→ Given records

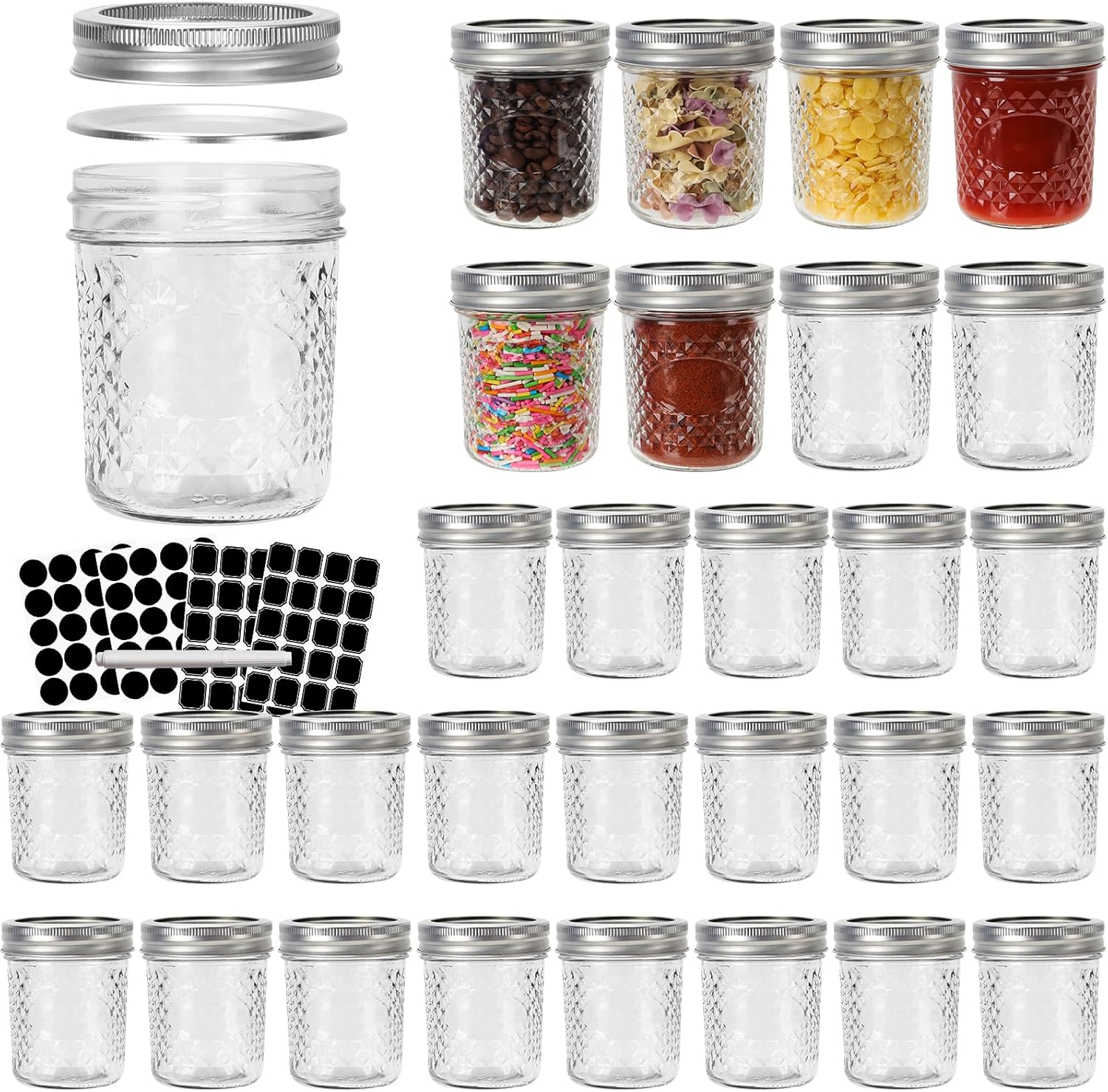 CycleMore 6 oz Mason Jars with Airtight Lids for Canning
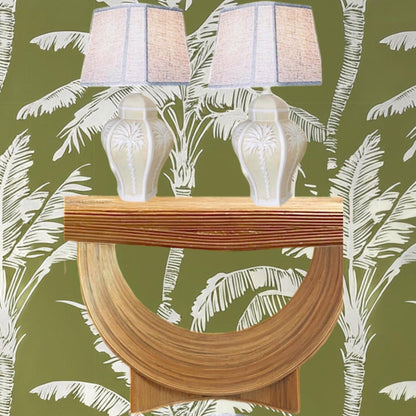 Frisman Vintage Pair Vintage Palm Beach Regency Dorothy Draper Isp Raised Palm Tree Ceramic Lamp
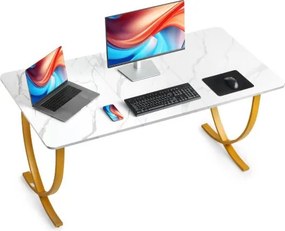 VEVOR Computerbureau Kantoortafel (160 x 80 cm Tafelblad), Moderne Werktafel met Metalen Frame en 158 kg Draagvermogen voor Thuiskantoor Studeerkamer Slaapkamer Woonkamer, Witgoud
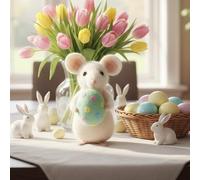 Easter Felt Mice Ornaments,Handmade Easter Felt Mice Figurines,Handmade Wool F-elt Bunny Mouse with Egg,E-aster Basket Filler for Spring Home Kitchen Room Window Party Supply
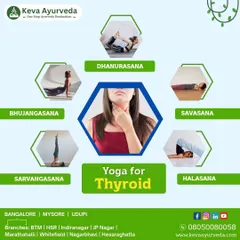 For managing thyroid health, I often recommend specific yoga poses. This graphic illustrates powerful asanas like Sarvangasana (Shoulder Stand) and Bhujangasana (Cobra Pose) that help stimulate the thyroid gland and regulate hormones.
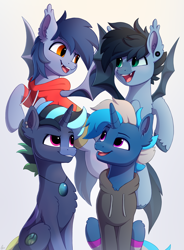 Size: 2496x3395 | Tagged: safe, artist:luminousdazzle, oc, oc only, oc:silver comet, oc:speck daelyn, oc:spectrolite, oc:sugoi, bat pony, pony, unicorn, chest fluff, clothes, ear fluff, ear piercing, fangs, flying, high res, hoodie, jewelry, leg warmers, looking at each other, looking at someone, male, necklace, pants, piercing, sitting, smiling, stallion, unshorn fetlocks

→ Task to carry out
Copy nothing past the line containing "Easter Felt Mice Ornaments,Handmade": reproduce every line from the start of the records up to it, skipping pictures.

→ Task answer
 CycleMore 6 oz Mason Jars with Airtight Lids for Canning
 Frisman Vintage Pair Vintage Palm Beach Regency Dorothy Draper Isp Raised Palm Tree Ceramic Lamp
 VEVOR Computerbureau Kantoortafel (160 x 80 cm Tafelblad), Moderne Werktafel met Metalen Frame en 158 kg Draagvermogen voor Thuiskantoor Studeerkamer Slaapkamer Woonkamer, Witgoud
 Easter Felt Mice Ornaments,Handmade Easter Felt Mice Figurines,Handmade Wool F-elt Bunny Mouse with Egg,E-aster Basket Filler for Spring Home Kitchen Room Window Party Supply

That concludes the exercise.